You don’t hear much about sport touring these days—adventure bikes, supposedly aimed at offroading, have in reality displaced the old Gentleman’s Express. The FJR hasn’t had a REAL update in years. Same goes for the Hayabusa, the Concours 14—you get the idea.

So, it’s refreshing to see Kawasaki has taken the time to do some mild updates to its Ninja 1000 sport tourer. It’s not going to make scads of added power, but the changes it does get are just what the bike needs.

Let’s start with the electronics package. The Ninja 1000SX (as Kawasaki calls it now) now has a Bosch IMU, which powers a new set of safety electronics for the Ninja. There’s a new traction control system and a smarter ABS system. Other electronic upgrades include a TFT screen, an up/down quickshifter, cruise control, and four riding modes (Rain, Sport, Road, and a rider-programmable mode). Switching between these modes enables the rider to select varying degrees of engine output, traction control interference, and other electronic safety management.

Alas, those hard bags aren’t standard equipment in North America. Photo: Kawasaki

The engine also has some changes, mostly to meet Euro5 emissions regs. However, Kawasaki says the changes (new ECU settings, new electronic throttle valves) make the inline four more responsive, which is always a good thing.

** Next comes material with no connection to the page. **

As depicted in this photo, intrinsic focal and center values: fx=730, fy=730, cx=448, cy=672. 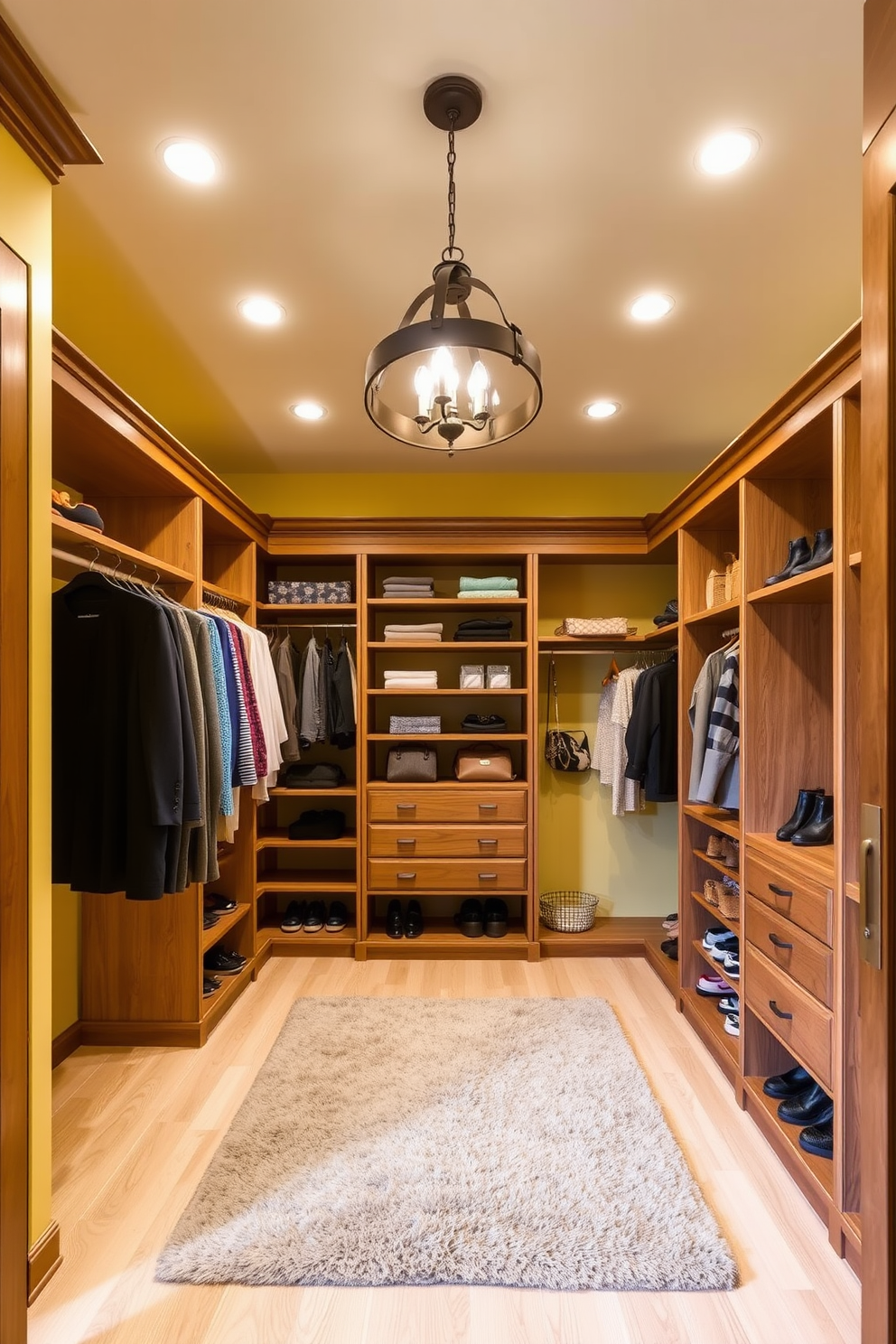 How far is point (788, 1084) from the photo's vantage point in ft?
Answer: 7.42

The suspension has some small tweaks for 2020, and the fairing is new. So is the adjustable windscreen and the rear seat, which is supposed to be more comfortable. The Kawasaki Ninja 1000SX also features all-round LED lighting now.

Kawasaki hasn’t mentioned any changes in horsepower for 2020. MSRP is $12,399 in the US. That’s an excellent price, considering what you’re getting, maybe even more attractive than some adventure tourers on the market. Might this bike tempt back the jaded sport touring enthusiast?

Speaking of which, although Kawi seems intent on keeping this as a sport touring model, the OEM hard bags aren’t standard equipment in the US or Canada (they may be in other markets). They’re an optional add-on, at extra expense, in North America.